There’s a stench wafting through the cybersecurity industry lately — and no, it’s not just the latest zero-day or headline-grabbing breach. It’s something more insidious. Something that’s been whispered about for years but lately has started showing up with its own dirty fingerprints all over the place.

I’m talking about CISO Payola — a term I never thought I’d have to use in this industry, but here we are.

Over the past few months, I’ve seen more than a few stories pop up — some on LinkedIn, others in backchannel threads, and even a couple whispered in confidence from folks I trust — about CISOs engaging in what can only be described as unethical at best, and felony-level bribery at worst. I’ve been in this business long enough to recognize smoke when I see it. And lately, there’s been a lot of smoke.

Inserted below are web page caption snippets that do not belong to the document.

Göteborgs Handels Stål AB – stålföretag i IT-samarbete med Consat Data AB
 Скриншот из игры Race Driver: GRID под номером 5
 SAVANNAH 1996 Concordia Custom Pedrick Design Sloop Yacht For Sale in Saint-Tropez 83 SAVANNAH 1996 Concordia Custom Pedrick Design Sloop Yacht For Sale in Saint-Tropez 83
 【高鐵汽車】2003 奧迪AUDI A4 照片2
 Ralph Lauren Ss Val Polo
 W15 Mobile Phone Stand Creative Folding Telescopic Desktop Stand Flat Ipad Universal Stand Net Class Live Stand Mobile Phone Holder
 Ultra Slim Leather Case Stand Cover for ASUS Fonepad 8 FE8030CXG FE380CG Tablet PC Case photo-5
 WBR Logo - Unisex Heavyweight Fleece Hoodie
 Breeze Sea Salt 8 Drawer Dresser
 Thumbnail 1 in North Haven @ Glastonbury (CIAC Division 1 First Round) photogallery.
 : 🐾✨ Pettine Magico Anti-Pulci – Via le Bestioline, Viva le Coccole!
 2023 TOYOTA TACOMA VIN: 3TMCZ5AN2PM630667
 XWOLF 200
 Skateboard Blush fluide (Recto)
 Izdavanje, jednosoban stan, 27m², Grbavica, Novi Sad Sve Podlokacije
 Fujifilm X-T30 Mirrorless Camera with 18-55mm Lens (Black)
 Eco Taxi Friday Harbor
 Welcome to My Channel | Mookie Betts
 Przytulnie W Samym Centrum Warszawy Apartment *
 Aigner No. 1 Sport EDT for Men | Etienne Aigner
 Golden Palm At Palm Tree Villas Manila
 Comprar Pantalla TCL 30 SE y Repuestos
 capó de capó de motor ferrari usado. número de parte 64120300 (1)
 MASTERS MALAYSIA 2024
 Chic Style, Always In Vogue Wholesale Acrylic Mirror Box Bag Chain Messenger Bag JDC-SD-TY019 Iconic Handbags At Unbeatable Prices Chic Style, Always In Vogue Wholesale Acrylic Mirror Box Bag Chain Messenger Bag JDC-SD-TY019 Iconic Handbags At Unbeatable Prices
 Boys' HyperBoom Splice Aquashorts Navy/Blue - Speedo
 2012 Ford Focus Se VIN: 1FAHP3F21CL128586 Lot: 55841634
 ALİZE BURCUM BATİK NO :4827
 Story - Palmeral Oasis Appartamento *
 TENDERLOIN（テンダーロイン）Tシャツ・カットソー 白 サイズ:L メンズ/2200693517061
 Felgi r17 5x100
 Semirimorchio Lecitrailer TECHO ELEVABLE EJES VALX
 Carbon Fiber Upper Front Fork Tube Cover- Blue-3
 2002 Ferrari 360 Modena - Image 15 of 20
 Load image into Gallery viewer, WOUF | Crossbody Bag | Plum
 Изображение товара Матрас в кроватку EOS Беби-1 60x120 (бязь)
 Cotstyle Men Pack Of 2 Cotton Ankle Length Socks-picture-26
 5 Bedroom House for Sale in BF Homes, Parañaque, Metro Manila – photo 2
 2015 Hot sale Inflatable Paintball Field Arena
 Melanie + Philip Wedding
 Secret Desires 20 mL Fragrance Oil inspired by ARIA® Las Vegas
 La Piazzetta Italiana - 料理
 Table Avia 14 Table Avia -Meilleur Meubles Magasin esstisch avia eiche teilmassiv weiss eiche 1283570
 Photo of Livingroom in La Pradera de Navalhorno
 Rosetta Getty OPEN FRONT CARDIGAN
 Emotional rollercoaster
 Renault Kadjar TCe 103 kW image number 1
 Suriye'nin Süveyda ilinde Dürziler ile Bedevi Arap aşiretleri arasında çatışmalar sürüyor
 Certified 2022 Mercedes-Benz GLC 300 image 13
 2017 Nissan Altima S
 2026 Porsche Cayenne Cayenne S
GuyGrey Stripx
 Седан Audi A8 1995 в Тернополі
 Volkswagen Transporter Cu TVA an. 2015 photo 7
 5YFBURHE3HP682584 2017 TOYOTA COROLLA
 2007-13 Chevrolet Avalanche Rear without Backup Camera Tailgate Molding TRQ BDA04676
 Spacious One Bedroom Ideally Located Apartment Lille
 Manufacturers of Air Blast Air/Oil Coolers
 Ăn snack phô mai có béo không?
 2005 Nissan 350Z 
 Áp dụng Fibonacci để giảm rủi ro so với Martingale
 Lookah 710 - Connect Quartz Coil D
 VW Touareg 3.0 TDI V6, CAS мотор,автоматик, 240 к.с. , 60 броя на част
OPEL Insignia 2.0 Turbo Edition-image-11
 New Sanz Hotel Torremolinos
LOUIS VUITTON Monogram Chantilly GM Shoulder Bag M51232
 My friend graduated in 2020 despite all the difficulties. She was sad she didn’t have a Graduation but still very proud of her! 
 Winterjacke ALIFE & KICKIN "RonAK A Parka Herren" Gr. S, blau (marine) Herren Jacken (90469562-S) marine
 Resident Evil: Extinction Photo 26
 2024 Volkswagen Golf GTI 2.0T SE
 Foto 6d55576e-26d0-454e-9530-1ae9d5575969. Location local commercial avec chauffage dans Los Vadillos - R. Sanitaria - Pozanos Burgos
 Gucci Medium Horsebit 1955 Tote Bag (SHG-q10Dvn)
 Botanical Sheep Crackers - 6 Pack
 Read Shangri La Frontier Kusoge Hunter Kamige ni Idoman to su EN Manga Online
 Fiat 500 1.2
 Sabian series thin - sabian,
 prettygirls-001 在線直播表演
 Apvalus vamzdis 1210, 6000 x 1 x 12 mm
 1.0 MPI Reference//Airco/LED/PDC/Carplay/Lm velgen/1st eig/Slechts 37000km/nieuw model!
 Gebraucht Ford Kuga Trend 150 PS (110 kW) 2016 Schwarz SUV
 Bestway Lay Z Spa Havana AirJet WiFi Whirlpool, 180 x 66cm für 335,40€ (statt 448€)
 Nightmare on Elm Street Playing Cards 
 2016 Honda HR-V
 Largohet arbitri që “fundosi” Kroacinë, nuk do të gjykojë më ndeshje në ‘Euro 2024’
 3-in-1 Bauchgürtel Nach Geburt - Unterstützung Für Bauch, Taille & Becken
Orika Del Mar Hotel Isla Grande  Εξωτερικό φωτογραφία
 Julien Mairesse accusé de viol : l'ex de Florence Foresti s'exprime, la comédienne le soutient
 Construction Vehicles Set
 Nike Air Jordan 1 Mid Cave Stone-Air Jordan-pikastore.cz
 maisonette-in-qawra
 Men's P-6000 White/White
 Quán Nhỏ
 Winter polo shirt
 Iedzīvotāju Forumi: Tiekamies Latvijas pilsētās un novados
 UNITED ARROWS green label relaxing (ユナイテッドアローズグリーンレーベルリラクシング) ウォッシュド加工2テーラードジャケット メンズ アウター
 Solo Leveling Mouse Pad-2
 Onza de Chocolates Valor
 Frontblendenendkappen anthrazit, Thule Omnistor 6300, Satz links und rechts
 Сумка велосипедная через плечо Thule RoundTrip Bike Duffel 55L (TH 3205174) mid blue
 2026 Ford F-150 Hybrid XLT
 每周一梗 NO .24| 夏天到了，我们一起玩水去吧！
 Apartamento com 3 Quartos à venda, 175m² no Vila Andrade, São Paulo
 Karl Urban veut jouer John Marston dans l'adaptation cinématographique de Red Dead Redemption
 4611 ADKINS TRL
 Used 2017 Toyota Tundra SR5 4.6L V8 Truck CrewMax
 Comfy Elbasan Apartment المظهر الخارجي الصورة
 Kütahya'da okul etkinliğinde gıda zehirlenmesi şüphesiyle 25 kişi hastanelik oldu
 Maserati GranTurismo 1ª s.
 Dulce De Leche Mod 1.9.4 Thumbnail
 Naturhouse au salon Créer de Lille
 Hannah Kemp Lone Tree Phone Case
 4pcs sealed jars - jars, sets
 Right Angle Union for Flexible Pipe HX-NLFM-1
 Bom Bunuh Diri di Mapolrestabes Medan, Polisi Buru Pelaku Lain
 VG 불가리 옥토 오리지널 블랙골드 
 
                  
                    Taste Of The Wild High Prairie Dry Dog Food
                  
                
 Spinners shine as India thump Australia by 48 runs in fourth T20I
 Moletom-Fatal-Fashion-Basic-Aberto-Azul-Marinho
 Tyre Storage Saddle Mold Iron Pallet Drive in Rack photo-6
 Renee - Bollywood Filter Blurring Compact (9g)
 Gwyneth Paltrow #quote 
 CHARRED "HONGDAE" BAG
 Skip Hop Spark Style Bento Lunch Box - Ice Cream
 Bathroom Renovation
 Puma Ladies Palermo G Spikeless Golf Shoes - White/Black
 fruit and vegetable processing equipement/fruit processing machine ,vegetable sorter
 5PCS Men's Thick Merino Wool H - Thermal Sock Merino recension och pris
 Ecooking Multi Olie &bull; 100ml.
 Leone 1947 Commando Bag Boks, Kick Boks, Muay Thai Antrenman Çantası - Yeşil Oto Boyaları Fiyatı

Let me walk you through what I’m hearing, and you tell me if it smells right to you.

The $20K Table of Trust

Here’s how one of these stories goes: A cybersecurity vendor reaches out to a CISO. Nothing shady so far. They have a solid product, some traction, and they’re looking for a shot. The CISO is intrigued — says he wants to hear more. In fact, he’s got a group of CISO buddies who’d be interested too. Sounds like a golden opportunity, right?

And then comes the catch: For $20,000, you can be a sponsor at our exclusive CISO dinner or club.

Now maybe that fee goes to pay for the steak and wine. Maybe it goes to an LLC tied to the group. Maybe it just disappears into the void. Who knows? But what I do know is this — it’s not sitting right.

The vendor doesn’t get a commitment, mind you. No one’s promising to buy anything. But if you don’t pay the fee, well… you’re not sitting at that table.

Is that illegal? Probably not. Is it unethical? I sure think so.

We’ve all paid for booths, webinars and sponsored roundtables. But when the line between marketing spend and “buying access” to influence blurs that hard, we should all be uncomfortable.

The Equity Ask: The Line Gets Crossed

Now, if that story didn’t leave a bad taste in your mouth, try this one on for size.

I heard from a vendor who was making real progress with a security leader at a large enterprise. The CISO loved the product, saw the potential, was ready to move. Just one more step: The CISO wanted some equity in the company before the deal closed. Or maybe it was a cash bonus. Depends who you ask.

Let’s not sugarcoat it — that’s bribery.

You can put a bow on it and call it a “consulting fee” or an “advisory role,” but when it’s tied to a vendor getting a deal with your company, and you’re in a position of authority over that deal, it’s corruption. And it undermines everything this industry is supposed to stand for.

Why Vendors Keep Playing the Game

Now, before we throw every vendor under the bus, let’s acknowledge the reality: Most vendors aren’t looking to break the rules. They’re trying to survive. And the way many go-to-market plans are structured today, everything revolves around getting in front of CISOs.

We hear it all the time at Techstrong: “Can you guarantee CISO eyeballs?” That’s the holy grail.

So when some shady “executive roundtable” comes along and says, “You want access? Pay up,” it’s not hard to see why some vendors reach for the checkbook. I’m not excusing it, but I understand the pressure.

Still — just because you can doesn’t mean you should.

This Isn’t New, But It Feels Worse Now

If you’ve been around this industry long enough, you’ve probably heard stories like these before. I have. Decades ago, I knew a few security execs who left their posts under mysterious circumstances. Rumors swirled. Payments. Kickbacks. Quiet exits.

Back then, it felt like isolated incidents. One-offs. Now? It’s starting to feel like a pattern.

Maybe it’s just more visibility. Maybe it’s social media exposing things that used to stay in the shadows. Or maybe, and I hope I’m wrong here, we’re normalizing behavior that would have been scandalous a few years ago.

We Need to Talk About This — Out Loud

I’m not here to name names. That’s not my role. But I am here to call bulls**t when I see it — and this stinks.

The vast majority of CISOs I know are honorable, hard-working pros who care deeply about their teams, their missions and their integrity. They don’t need this stink clinging to their title. And the vendors doing things the right way? They deserve a fair playing field — not one rigged by backroom deals and hush-hush handshakes.

So what do we do?

We talk about it. We shine a light on it. We tell our peers it’s not OK. We say no when someone offers us a shortcut that compromises our ethics. And maybe — just maybe — we build an industry where integrity matters more than influence.

Because if we don’t clean this up ourselves, someone else will. And we may not like how they go about it.